▶ **Problem to solve**:
What is needed is an exact copy of the lines from the one containing "Rose Lodge Guest House Cork Exterior foto" through the last line of the records, with no pictures.

▶ **Data records**:

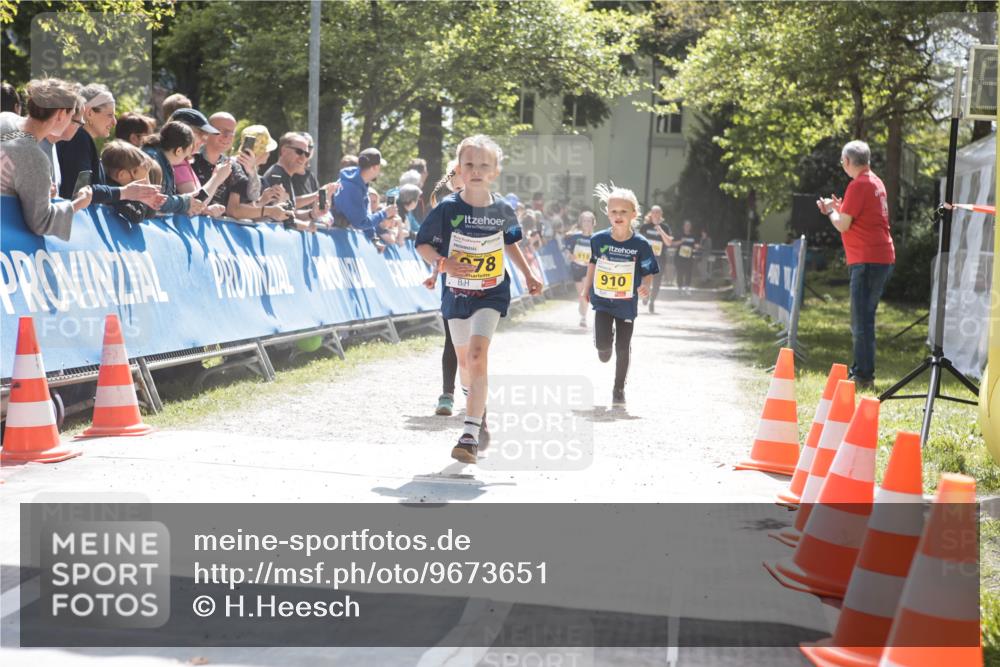 09.05.2026 - Störlauf H.Heesch http://msf.ph/oto/9673651 09.05.2026 14:15:17 Ziel 78, 918, 910 meine-sportfotos.de
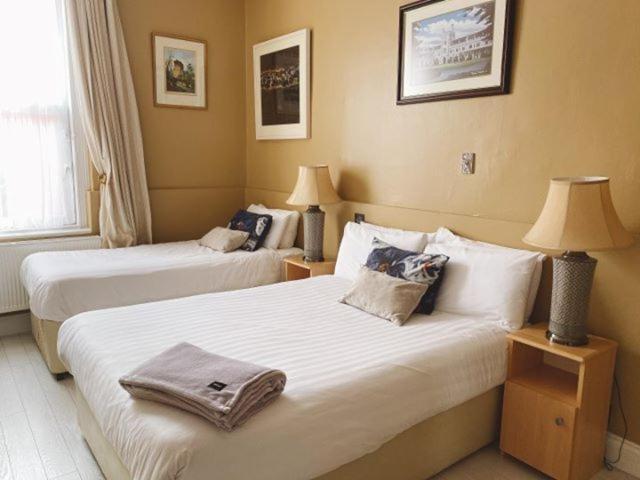 Rose Lodge Guest House Cork Exterior foto
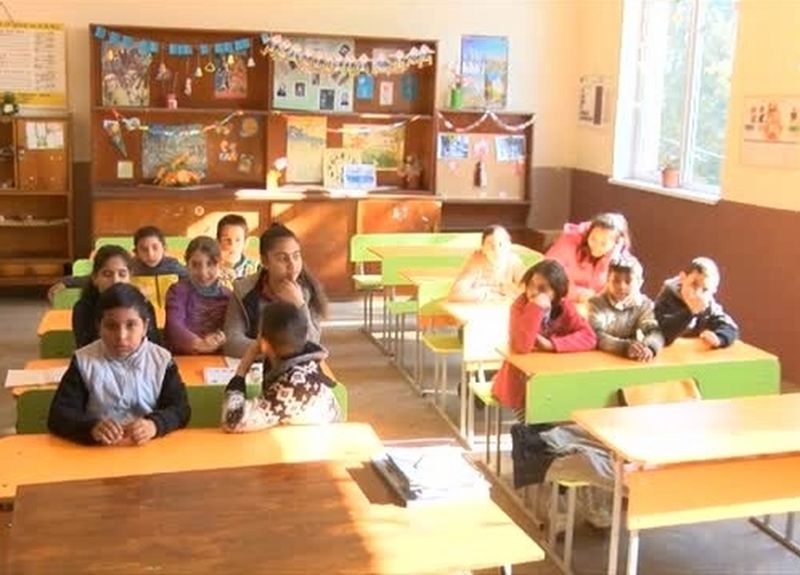 С желание всичко става: Млад учител накара децата да обикнат часовете ВИДЕО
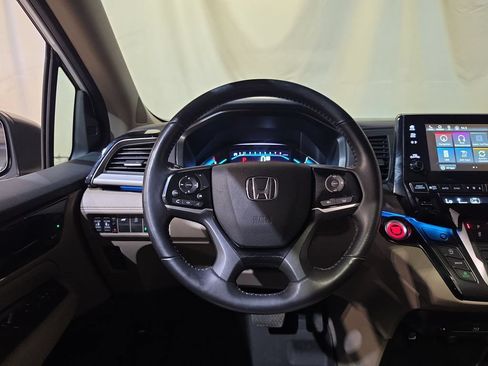 Used 2022 Honda Odyssey Touring image 11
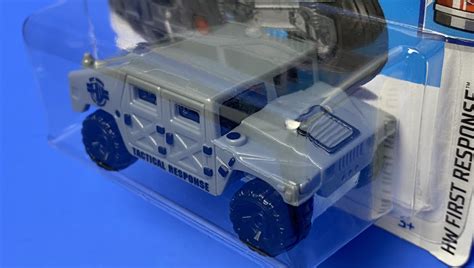Машинка Базова Hot Wheels HMMWV Humvee First Response 1 64 HTB58 Grey купити в інтернет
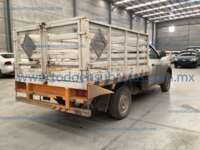 Nissan NP300 Estacas 2019 2p L4/2.5 Man D/H Paq. Seg. 2019 Nissan NP300 Estacas Ingreso Exteriores 4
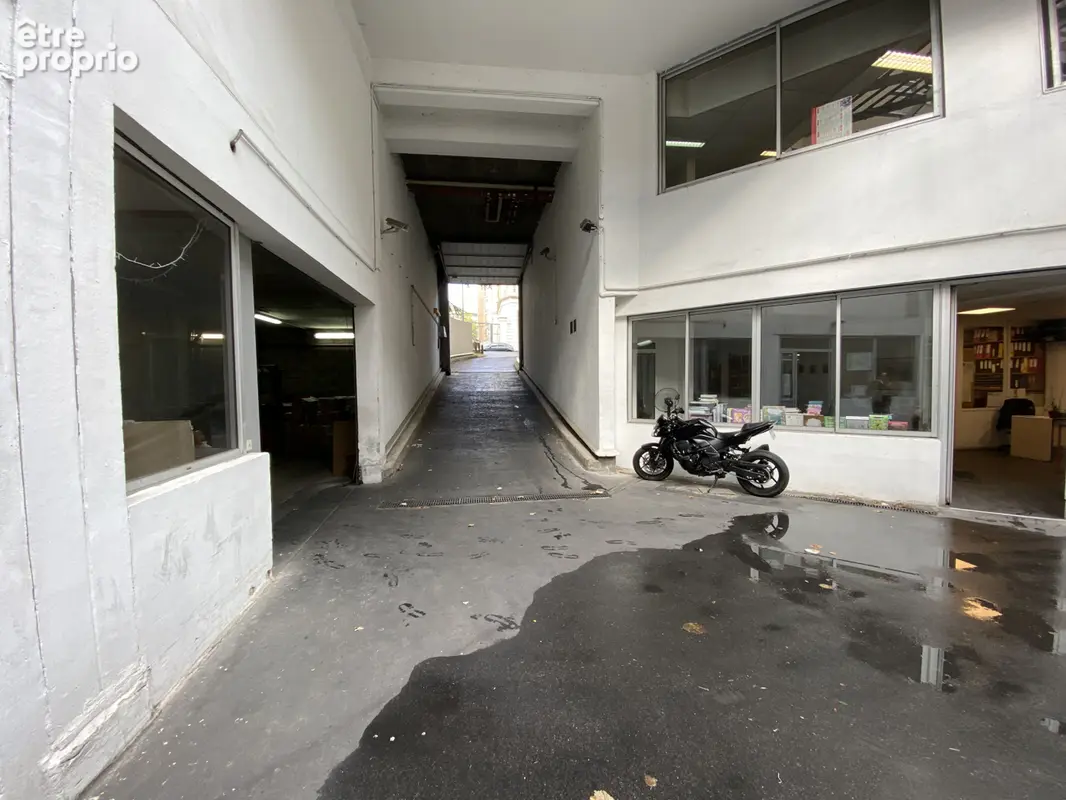 Commerce 1408 m² à Courbevoie  - photo 2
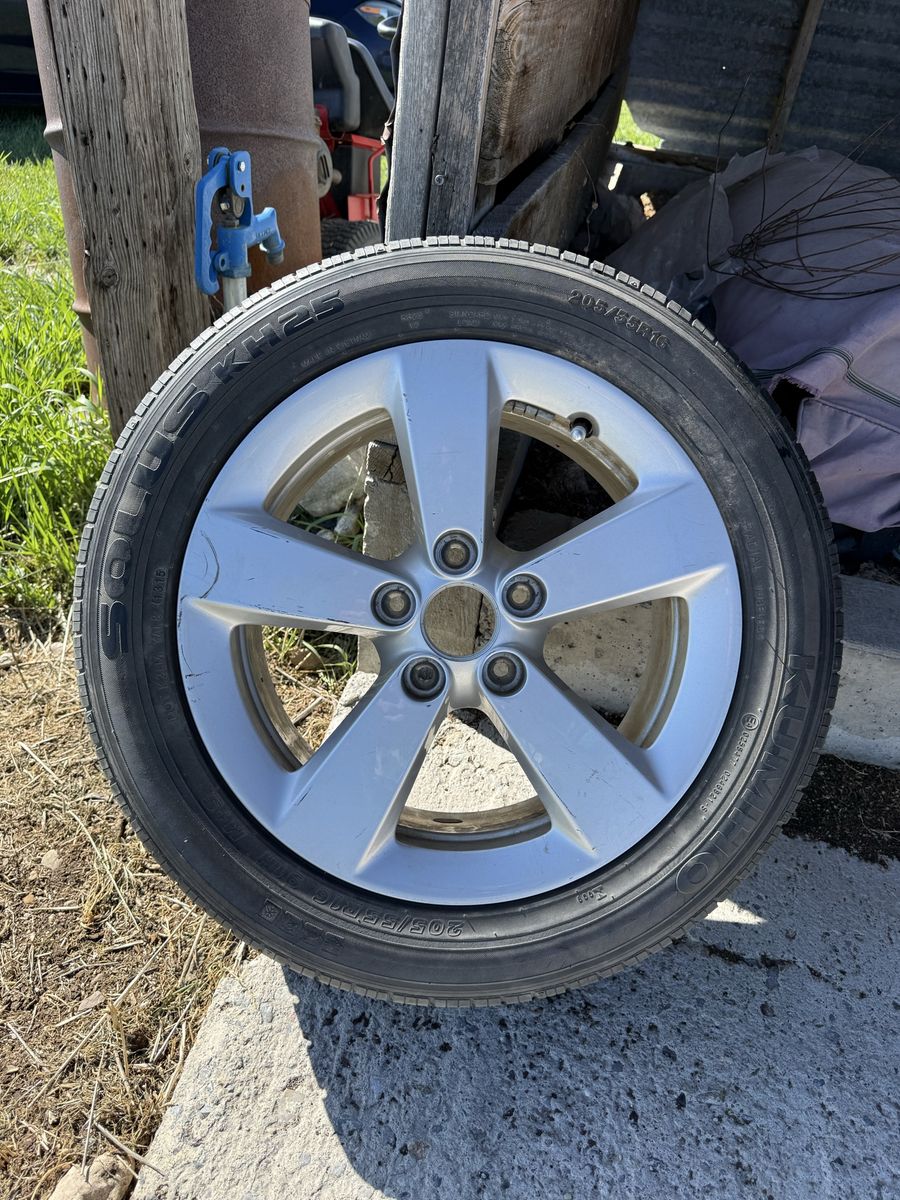 205/55R16 tires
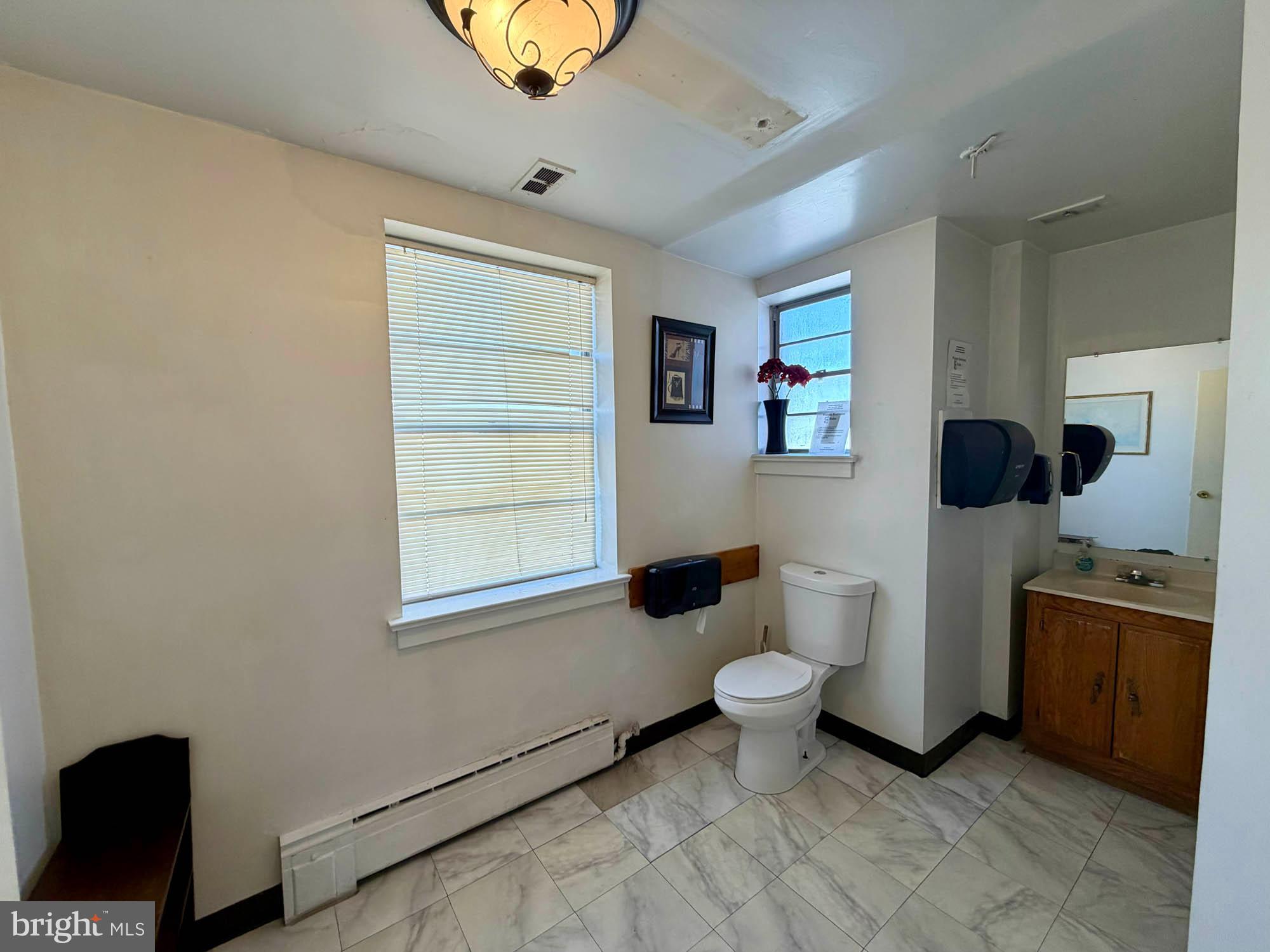 WINSTON GOVANS - Commercial Sale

▶ **Response area**:
 Rose Lodge Guest House Cork Exterior foto
 С желание всичко става: Млад учител накара децата да обикнат часовете ВИДЕО
 Used 2022 Honda Odyssey Touring image 11
Машинка Базова Hot Wheels HMMWV Humvee First Response 1 64 HTB58 Grey купити в інтернет
 Nissan NP300 Estacas 2019 2p L4/2.5 Man D/H Paq. Seg. 2019 Nissan NP300 Estacas Ingreso Exteriores 4
 Commerce 1408 m² à Courbevoie  - photo 2
 205/55R16 tires
 WINSTON GOVANS - Commercial Sale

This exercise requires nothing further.